**EXERCISE PROMPT:**
Exclude all images and print the entries below exactly.

**PROVIDED RECORDS:**
▽

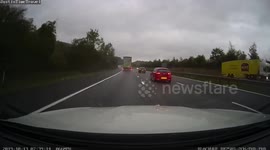 Shocking video shows ‘crazy’ motorist undertaking lorry at 100mph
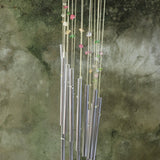 An up close image of someone holding the Confetti Mystic Spiral Woodstock Wind Chime in front of a concrete wall.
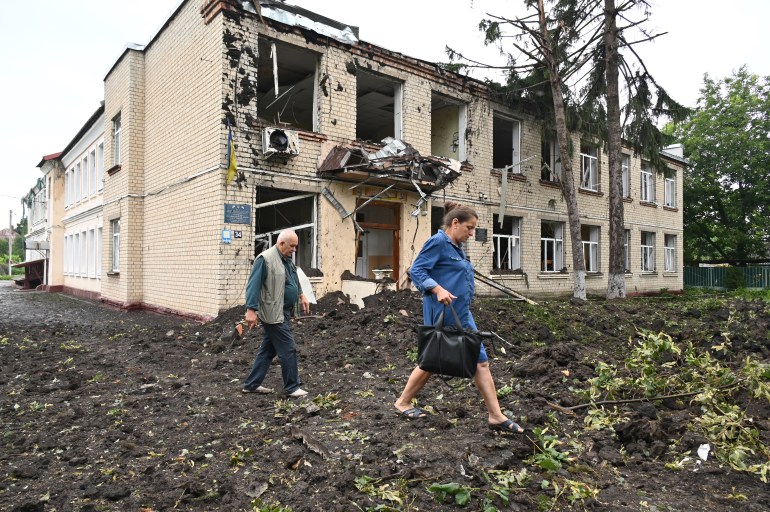 Local residents walk past a damaged building partially destroyed after a shelling in the city of Chuguiv, east of Kharkiv, on July 16, 2022. - In the northeast region around Ukraine's second city of Kharkiv, governor Oleg Synegubov said an overnight Russian missile attack killed three people in the town of Chuguiv.
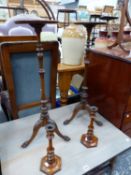 A PAIR OF MAHOGANY TRIPOD TORCHERES TOGETHER WITH A PAIR OF MAHOGANY CANDLESTICKS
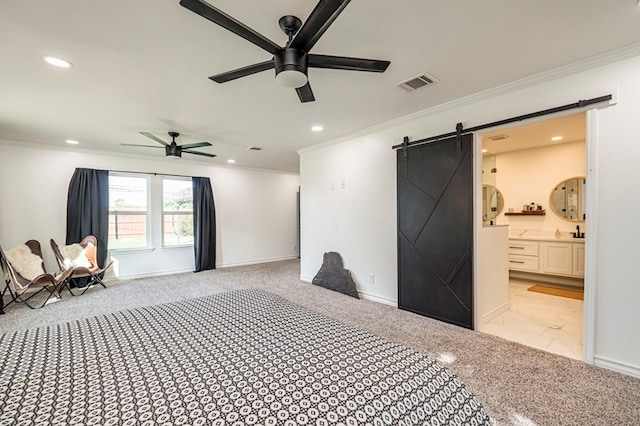 unfurnished bedroom featuring ceiling fan, a barn door, crown molding, and ensuite bathroom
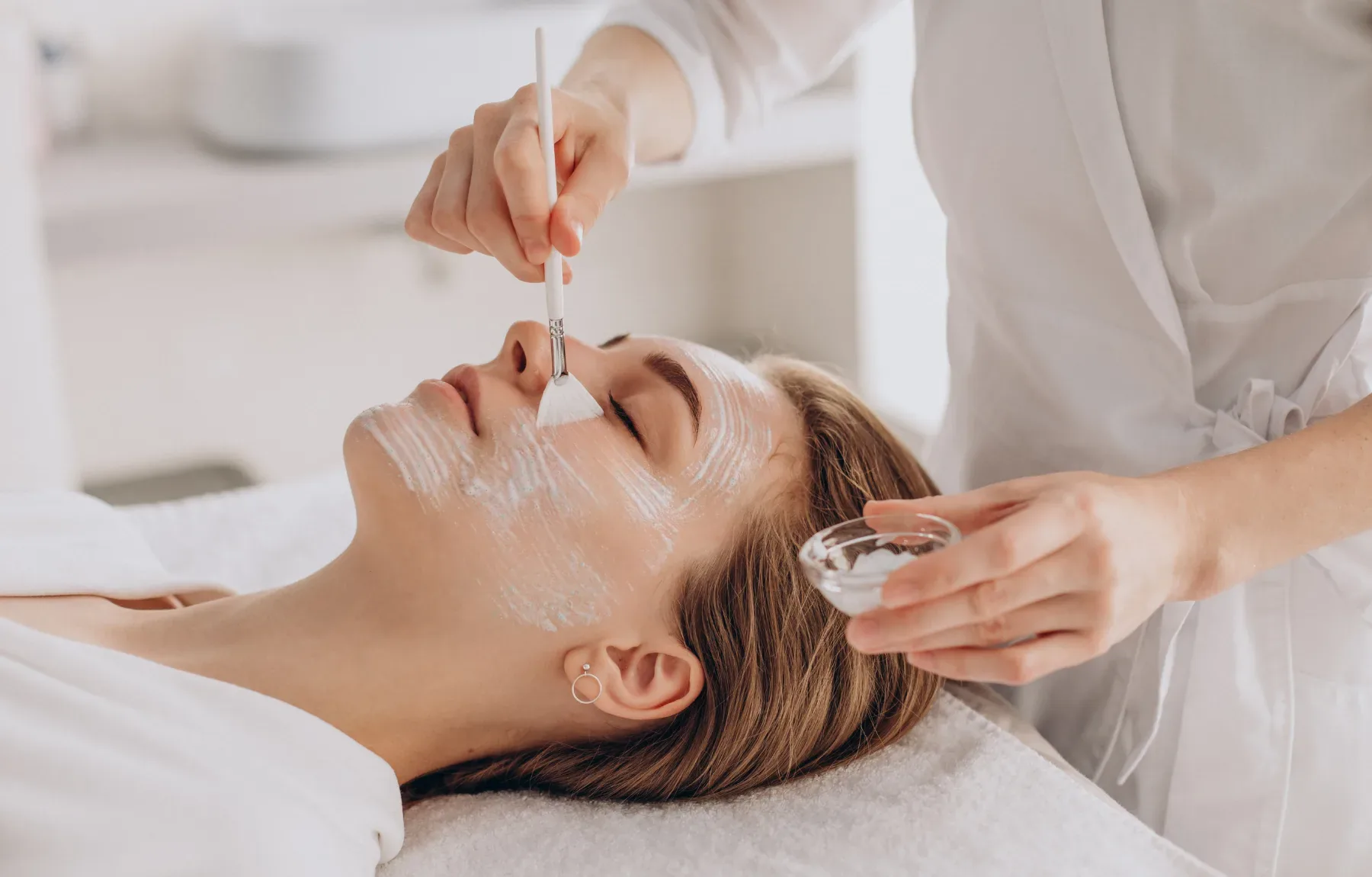 A woman lies with her eyes closed while a provider brushes a white mask or peel product onto her face with a small applicator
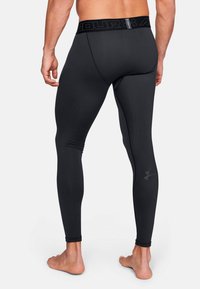 Schwarze Sportleggings mit einem figurbetonten Design, aus glattem Material gefertigt, ausgestattet mit einem breiten Bund, auf dem der Markennamen und ein dezentes Logo an der Seite zu sehen sind.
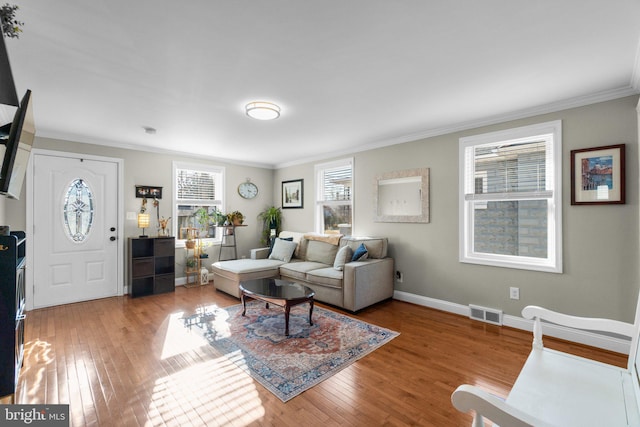 living area with light wood-type flooring, baseboards, visible vents, and ornamental molding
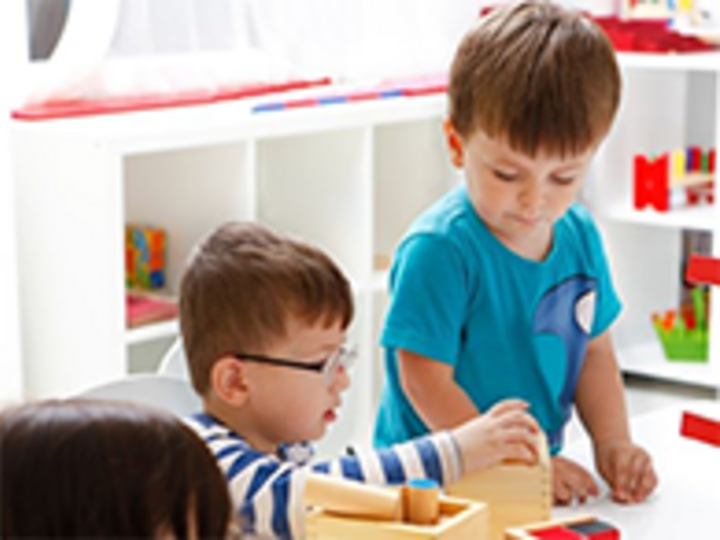 Two young children stacking blocks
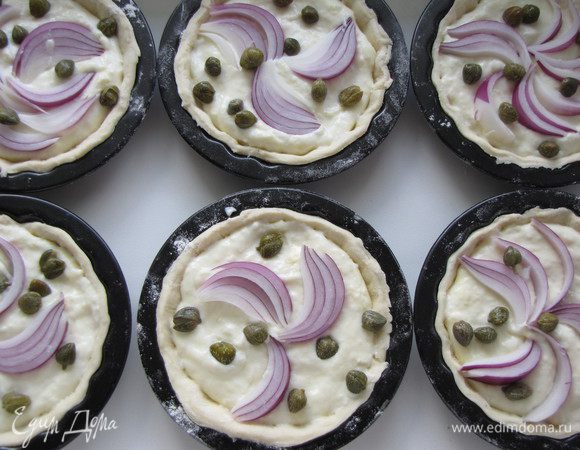 В каждую форму выложить 1 ст. л. сырно-яичного соуса (или больше, в зависимости от размера формочек), дольку лука и немного каперсов.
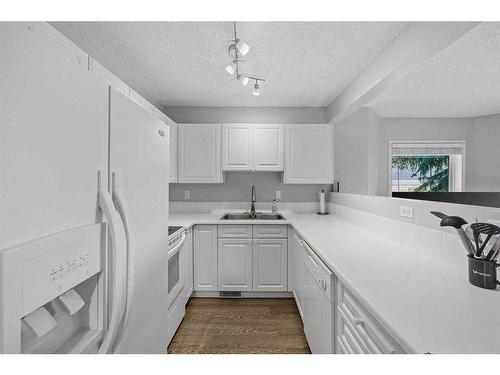 1308 154 Avenue Sw, Calgary, AB - Indoor Photo Showing Kitchen With Double Sink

△

**EXPECTED OUTPUT:**
 Shocking video shows ‘crazy’ motorist undertaking lorry at 100mph
 An up close image of someone holding the Confetti Mystic Spiral Woodstock Wind Chime in front of a concrete wall.
 Local residents walk past a damaged building partially destroyed after a shelling in the city of Chuguiv, east of Kharkiv, on July 16, 2022. - In the northeast region around Ukraine's second city of Kharkiv, governor Oleg Synegubov said an overnight Russian missile attack killed three people in the town of Chuguiv.
 A PAIR OF MAHOGANY TRIPOD TORCHERES TOGETHER WITH A PAIR OF MAHOGANY CANDLESTICKS
 unfurnished bedroom featuring ceiling fan, a barn door, crown molding, and ensuite bathroom
 A woman lies with her eyes closed while a provider brushes a white mask or peel product onto her face with a small applicator
 Schwarze Sportleggings mit einem figurbetonten Design, aus glattem Material gefertigt, ausgestattet mit einem breiten Bund, auf dem der Markennamen und ein dezentes Logo an der Seite zu sehen sind.
 living area with light wood-type flooring, baseboards, visible vents, and ornamental molding
 Two young children stacking blocks
 В каждую форму выложить 1 ст. л. сырно-яичного соуса (или больше, в зависимости от размера формочек), дольку лука и немного каперсов.
 1308 154 Avenue Sw, Calgary, AB - Indoor Photo Showing Kitchen With Double Sink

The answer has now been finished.